In the cooler stars the elements are found in a state of greater combination, while in the hottest they are dissociated by the intense heat, so that the older (and therefore cooler) a star has become, the less of free hydrogen will appear. On the earth the process of cooling has reached the stage in which hydrogen is no longer found in a free state. All that is here stated from Mr. Lockyer's paper, though extremely interesting in the connection in which I have introduced it, occurs in the original as part of the reasoning which leads to the conclusion that many of the substances which have hitherto been regarded as elementary are probably compounds, capable of dissociation at the transcendental temperatures which exist in the hotter kinds of stars. Thus a general law is indicated which may be expressed in these words:—The lowering of temperature in a mass of matter is accompanied by a gradually increasing complexity of chemical forms: and, of course, the converse holds good that the higher the temperature the more completely will the elements which form the chemical compounds be dissociated.

Before passing from this subject, it will not be out of place to express the opinion that we have here one of the greatest discoveries of these days, and one which opens out a new field of investigation to which it is not easy to assign a limit.

I had intended to call your attention to the remarkable progress which has lately been made in other branches of science and in the application of science to the comfort and convenience of man, but time will not permit more than a passing

allusion to the strenuous efforts of many inventors to utilize the electric light, to the wonders of the telephone, the microphone, and the phonograph, and to the improvements in telegraphy, the latest of which, by Mr. E. A. Cowper, has made it possible to send one's autograph by electricity, so that it will no longer be ridiculous to say, “I know who sent this telegram, for I recognize the hand-writing.” I can but glance at the success which has crowned the efforts of two distinguished physicists, Messrs. Cailletet and Pictet, to compress into the fluid form the so-called permanent gases, so that even hydrogen has been seen in the form of a fluid metal; or at the remarkable achievement of the masters in experimental chemistry, who have succeeded in putting together the molecules which form the colouring matter of indigo and madder; or at the penetration which has seen the cause of the irritating and cough-producing dry fog of huge cities in the condensed vapour of hydro-carbons, derived from coal smoke, by which the minute globules of water, of which the fog consists, are coated, and so kept on the one hand from readily coalescing, and, on the other, from dissolving in the air, even though the hygrometric condition of the atmosphere be reduced considerably below the point of saturation.

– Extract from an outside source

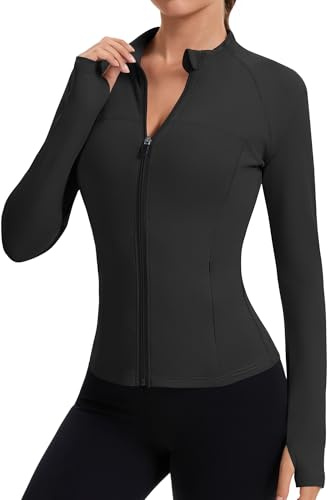 Tisfeer - Chaqueta deportiva para mujer, camiseta de manga larga para correr, tops de gimnasio, parte superior para yoga y fitness, chaqueta ligera de entrenamiento con orificio para el pulgar y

One cannot take up a scientific periodical without finding a record of advance in one or more of the many branches of scientific research, or of application of known facts. Many and diligent are the workers in the study of nature in the fullest meaning of the word as applied to the whole material world. Great has been the work accomplished. Great has been the gain of real knowledge of the material things by which we are surrounded, and in the midst of which we have to do our part as best we may, ever acting upon and affected by those among whom our lot is cast for the few short years of our present state of existence. Of what is to follow, and how to prepare for the great future which every man naturally looks for, science, however exalted, is, and must remain, absolutely silent. Thus far, and no farther, may she come. Here sight and hearing, speech and thought, avail no more. Science has no instruments to sound the unknown depth, to scale the unknown height, or to measure the length and breadth of the Infinite; but great is the joy, and boundless the hope of him who has learned to believe that what is denied to the bodily faculties is permitted to the living spirit, and thus, whatever his present misery may be, he endures, “as seeing Him who is invisible,” and calmly awaits the day when Love, which lives for ever, will carry him safely across the unbridged gulf and set him in the eternal home of the great Father of all.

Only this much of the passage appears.